However, the macroeconomic impact of the evolving geopolitical situation in the Middle East remains a key monitorable.
The India business delivered high single-digit underlying volume growth, with a slight sequential improvement. Parachute continued to show resilience, supported by selective price cuts to pass on the benefit of easing copra prices.
The brand posted low single-digit volume growth after adjusting for ml-age reductions, with a gradual recovery expected through FY27.
Saffola Oils reported high single-digit revenue growth, aided by improving volumes. Value Added Hair Oils (VAHO) delivered another strong quarter, growing in the twenties and reinforcing sustained traction.
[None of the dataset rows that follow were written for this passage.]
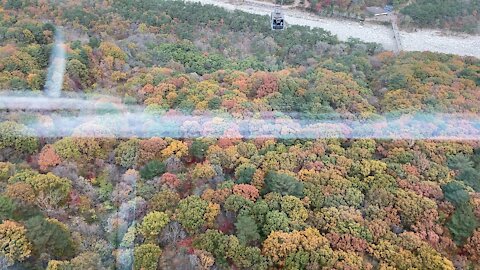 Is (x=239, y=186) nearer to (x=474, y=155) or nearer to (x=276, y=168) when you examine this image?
(x=276, y=168)

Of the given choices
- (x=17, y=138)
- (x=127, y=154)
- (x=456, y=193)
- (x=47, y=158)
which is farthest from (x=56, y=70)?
(x=456, y=193)

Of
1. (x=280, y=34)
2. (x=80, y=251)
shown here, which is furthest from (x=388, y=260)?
(x=280, y=34)

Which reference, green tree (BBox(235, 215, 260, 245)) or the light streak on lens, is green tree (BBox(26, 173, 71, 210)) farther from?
the light streak on lens

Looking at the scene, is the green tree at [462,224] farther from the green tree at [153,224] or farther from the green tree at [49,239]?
the green tree at [49,239]

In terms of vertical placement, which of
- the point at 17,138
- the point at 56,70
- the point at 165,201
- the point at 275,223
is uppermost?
the point at 56,70

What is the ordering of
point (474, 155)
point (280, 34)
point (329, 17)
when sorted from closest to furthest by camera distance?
point (474, 155), point (280, 34), point (329, 17)

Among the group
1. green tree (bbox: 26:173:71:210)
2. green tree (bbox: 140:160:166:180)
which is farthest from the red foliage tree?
green tree (bbox: 140:160:166:180)

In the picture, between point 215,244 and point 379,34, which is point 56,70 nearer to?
point 215,244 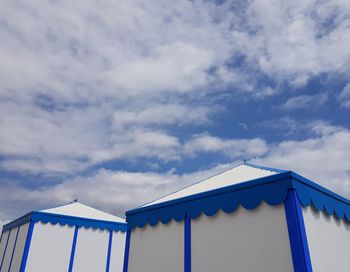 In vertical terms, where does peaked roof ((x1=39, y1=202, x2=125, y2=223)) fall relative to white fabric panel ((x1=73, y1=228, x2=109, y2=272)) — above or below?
above

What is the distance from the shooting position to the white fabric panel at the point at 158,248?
5223 mm

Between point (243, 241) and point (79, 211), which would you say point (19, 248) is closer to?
point (79, 211)

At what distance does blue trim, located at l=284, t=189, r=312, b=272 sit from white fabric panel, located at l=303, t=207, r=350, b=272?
23 cm

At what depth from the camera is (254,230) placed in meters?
4.14

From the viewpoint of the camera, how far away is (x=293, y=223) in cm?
370

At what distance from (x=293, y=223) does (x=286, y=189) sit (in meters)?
0.47

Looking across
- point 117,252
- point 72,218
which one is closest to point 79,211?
point 72,218

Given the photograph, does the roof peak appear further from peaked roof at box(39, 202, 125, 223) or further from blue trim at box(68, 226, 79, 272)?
blue trim at box(68, 226, 79, 272)

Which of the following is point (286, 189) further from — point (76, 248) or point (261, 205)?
point (76, 248)

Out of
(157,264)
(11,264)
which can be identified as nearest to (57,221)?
(11,264)

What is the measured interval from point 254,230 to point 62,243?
891cm

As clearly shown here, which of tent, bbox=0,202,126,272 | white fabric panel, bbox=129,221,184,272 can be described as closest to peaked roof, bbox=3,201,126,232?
tent, bbox=0,202,126,272

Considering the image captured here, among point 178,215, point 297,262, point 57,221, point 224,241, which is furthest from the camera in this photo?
point 57,221

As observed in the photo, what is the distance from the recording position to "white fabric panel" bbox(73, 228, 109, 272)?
1088 cm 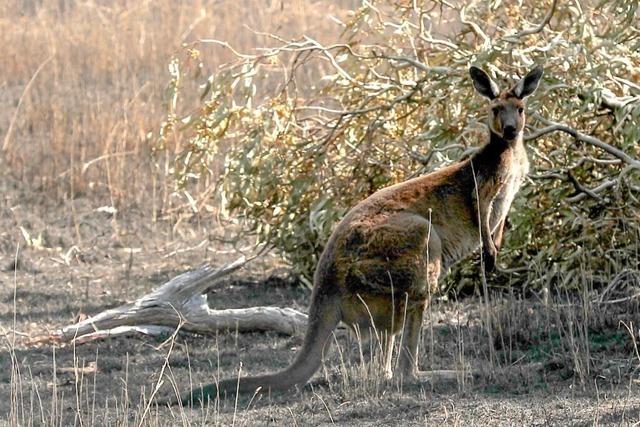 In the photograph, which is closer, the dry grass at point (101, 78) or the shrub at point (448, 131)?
the shrub at point (448, 131)

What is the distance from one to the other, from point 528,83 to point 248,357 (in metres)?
2.17

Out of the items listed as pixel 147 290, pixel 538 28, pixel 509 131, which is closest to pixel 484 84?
pixel 509 131

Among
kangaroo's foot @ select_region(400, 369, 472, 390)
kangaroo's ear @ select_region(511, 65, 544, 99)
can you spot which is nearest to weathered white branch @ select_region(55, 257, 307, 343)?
kangaroo's foot @ select_region(400, 369, 472, 390)

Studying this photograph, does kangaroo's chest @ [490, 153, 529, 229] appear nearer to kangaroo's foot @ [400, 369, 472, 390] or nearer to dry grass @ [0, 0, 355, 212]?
kangaroo's foot @ [400, 369, 472, 390]

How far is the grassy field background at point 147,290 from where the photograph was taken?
228 inches

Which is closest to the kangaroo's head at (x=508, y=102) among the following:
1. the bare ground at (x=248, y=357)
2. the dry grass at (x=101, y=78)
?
the bare ground at (x=248, y=357)

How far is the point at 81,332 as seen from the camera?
7621mm

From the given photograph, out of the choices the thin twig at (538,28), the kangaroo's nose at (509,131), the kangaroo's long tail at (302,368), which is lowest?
the kangaroo's long tail at (302,368)

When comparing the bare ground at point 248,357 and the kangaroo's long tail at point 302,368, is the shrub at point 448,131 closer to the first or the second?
the bare ground at point 248,357

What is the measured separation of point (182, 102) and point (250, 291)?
458 centimetres

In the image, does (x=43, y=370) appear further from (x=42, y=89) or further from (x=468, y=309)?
(x=42, y=89)

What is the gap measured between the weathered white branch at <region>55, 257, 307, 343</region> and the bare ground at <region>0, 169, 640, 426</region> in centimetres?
7

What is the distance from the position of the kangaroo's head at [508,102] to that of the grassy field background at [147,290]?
947 mm

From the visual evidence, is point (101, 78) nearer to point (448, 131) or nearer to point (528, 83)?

The company remains confident of delivering double-digit growth in this segment in FY27 and over the medium term, driven by a sharper focus on mid and premium segments, expanded direct reach via Project SETU, continued innovation, and improved affordability following GST rationalisation.
The foods portfolio posted high-teen value growth, signalling a move towards faster scale-up. Premium Personal Care, including digital-first brands, continued to outperform, supporting Marico’s diversification strategy.
The international business maintained strong momentum, with constant currency growth in the high teens. Most markets performed well, although the Gulf region was impacted by geopolitical headwinds during March.
On a consolidated basis, revenue grew in the low twenties year-on-year, helping the company achieve its full-year aspiration of mid-twenties growth.
This was supported by strong volume growth, recovery in VAHO, pricing power in core categories, progress in diversification, and sustained international momentum. Marico expects to maintain healthy, volume-led growth in FY27.
On the input cost front, copra prices have corrected about 35% from their peak and are expected to remain range-bound. However, vegetable oils and crude-linked inputs are showing an upward bias.
The company said it will continue to use pricing actions to manage cost pressures while ensuring supply stability.
Marico expects a sequential improvement in gross margins, aided by softer copra prices. It continues to invest in brand building to strengthen core franchises and accelerate diversification.
The company expects double-digit operating profit growth for the quarter, with sequential improvement, and reiterated its focus on delivering sustainable, profitable, volume-led growth over the medium term.